When dark comes on at the end of day this time of year, the bright, cheery lights indoors seem all the brighter and cheerier, and it’s hard to turn the sign from OPEN to CLOSED, lock the door and leave the bookstore to walk out into the slush (underfoot) and chilly wind (head to toe). On the other hand, it was wonderful to walk into the house tonight, where the lamps and fire were already lit and David offering to fix dinner.

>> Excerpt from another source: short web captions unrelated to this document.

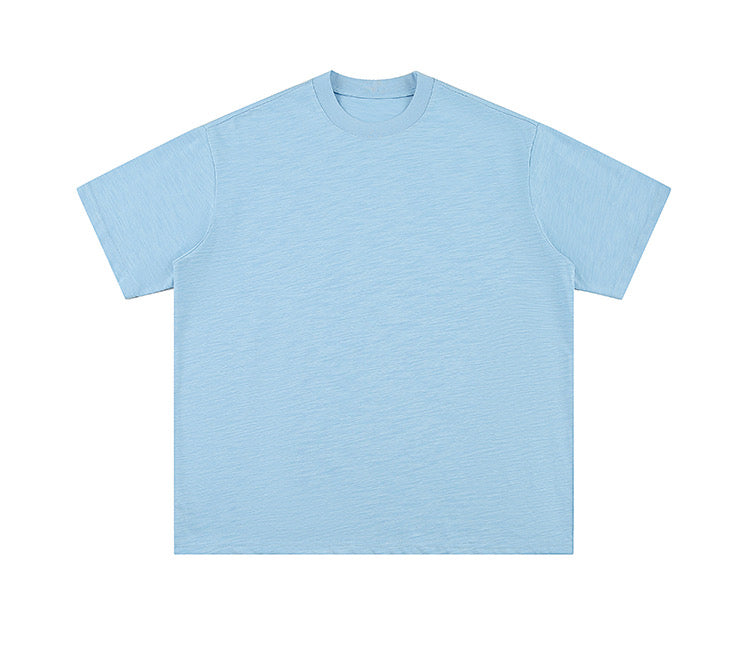 コットン無地半袖Tシャツ ベーシックカット N462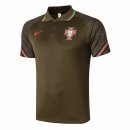Polo Portogallo 2020 Marrone Polo Portogallo 2020 Marrone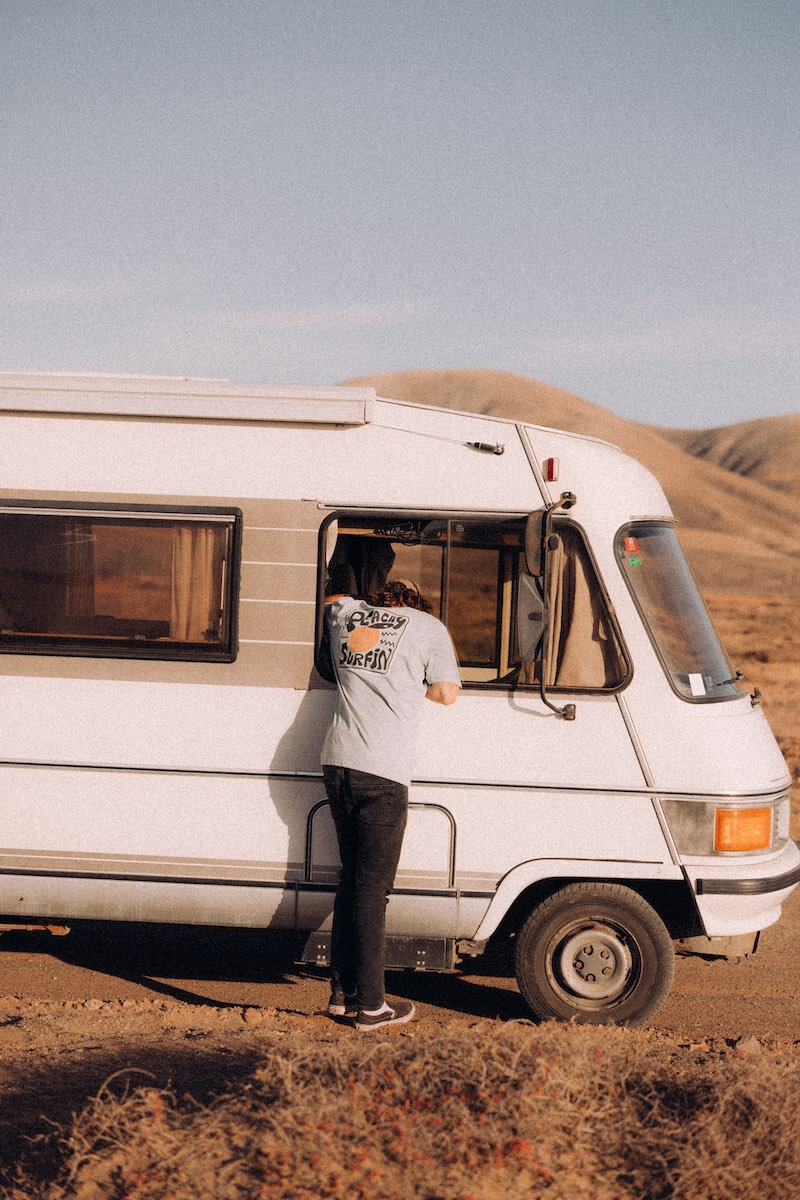 Peachy Surfin Tee - Orbit Mint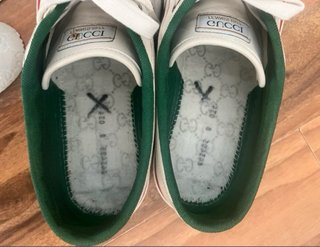 Zapatillas Gucci Tennis 1977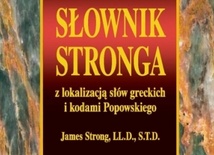 Grecko-polski słownik Stronga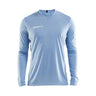 Squad Go Jersey Solid Ls M - Blue - Front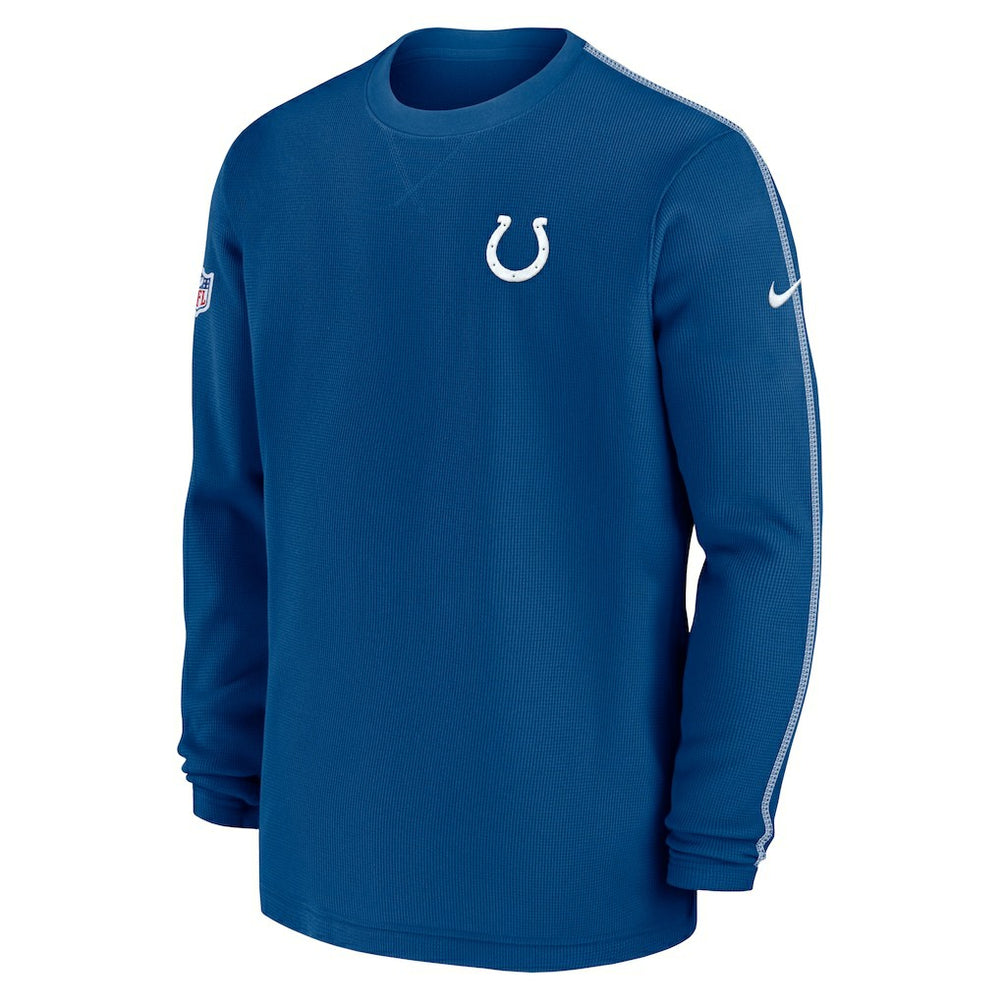 2024 Sideline Coaches Long Sleeve Top - Indianapolis Colts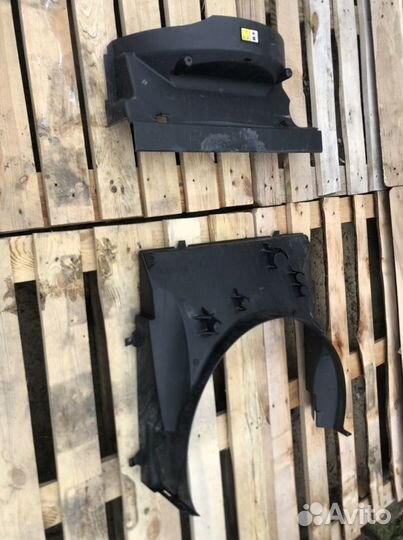 Диффузор вентилятора land rover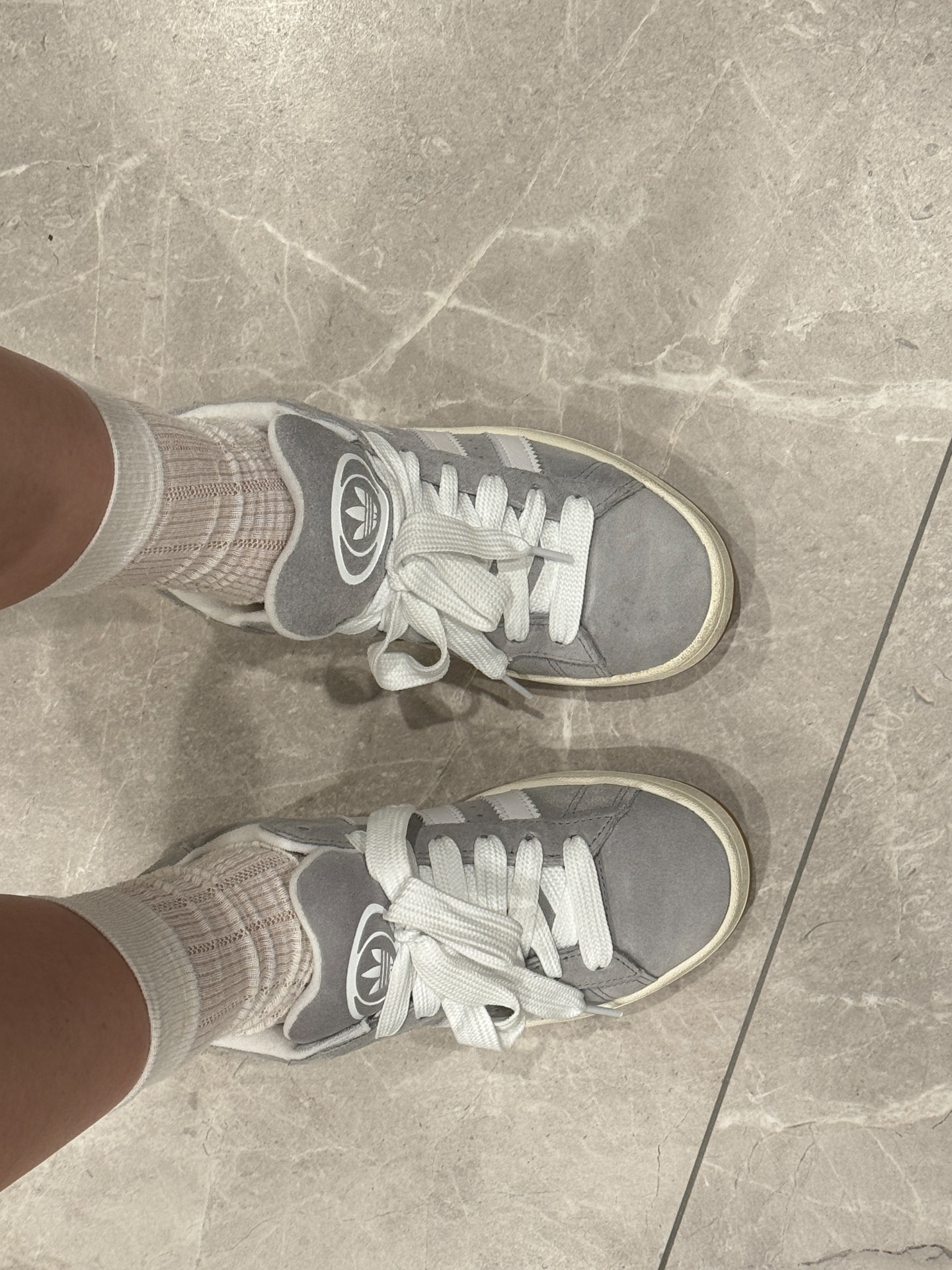 custom review-Adidas Originals CAMPUS 00s Low Топ Скейтборд Кроссовки Унисекс Серый Белый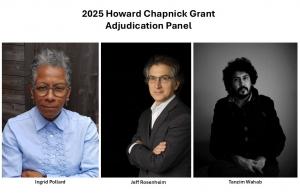 2025 Howard Chapnick Grant Judges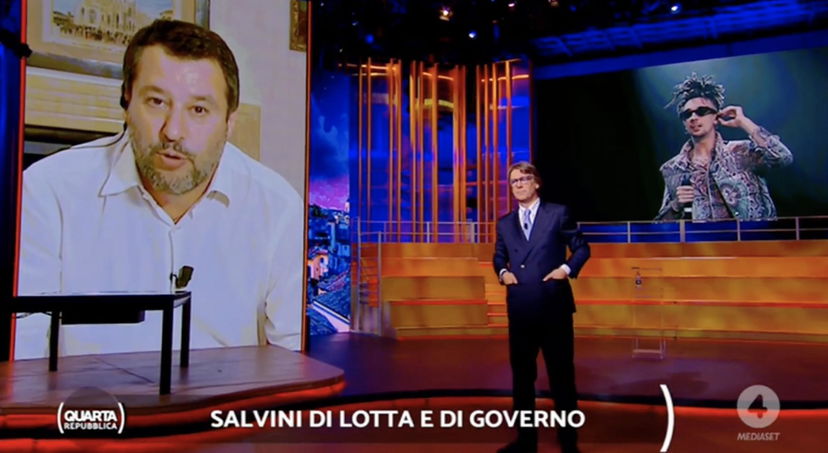 Salvini dice di non conoscere Ghali, ma due anni fa scriveva che la sua musica gli piaceva | VIDEO article-post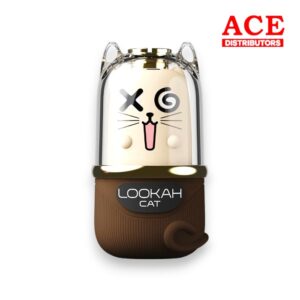 LOOKAH 510 CAT BATTERY 750mAH - CHOCOLATE BROWN EACH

Having finished DINNER AT ANTOINE’S (and even having guessed the murderer, though not from putting together clues, at which task I am hopeless), I turn again tonight to my economics shelf here at home (which is in no way a “home economics” shelf), opening ONE MARKET UNDER GOD to the last page bookmarked, about three-quarters through the book. The topic is brands and the new “discipline” of account planning, evolutionary successor to what we used to call simply advertising. A Ph.D. in anthropology is the recruiter’s new dream candidate, as long as the degree-holder in question brings along no “values” baggage.
As usual with a book of this kind in my hands, this one bristles like a hedgehog with gummed tags (brand name omitted). Here’s the beginning of a paragraph where the author steps forward from his dispassionate reporting stance and makes it personal:
“I confess: The way the word is used in marketing literature, I am an extremely ‘cynical’ person. I doubt advertising. I scoff at brands. I do not believe that Macintoshes make you ‘think different’ or that Virginia Slims help you ‘find your voice.’”
Author Thomas Frank goes on from there to explore--with appropriate, rational cynicism--Nike’s search for ‘authenticity,’ that is, an approach to advertising that won’t seem like advertising because its ‘stars’ come not from Hollywood but from the working class or even the ghetto. Frank “can’t help but marvel at the effort it would require to achieve a comparable level of visibility for the actual concerns, not just the authenticity, of working-class life.” The desperate search for what he calls “redemption through sport,” that search exploited by the commercials in question, is the flipside of the coin whose face is “starvation wages in Indonesia.”
It’s morning on the other side of the world. The sun and moon are impartial.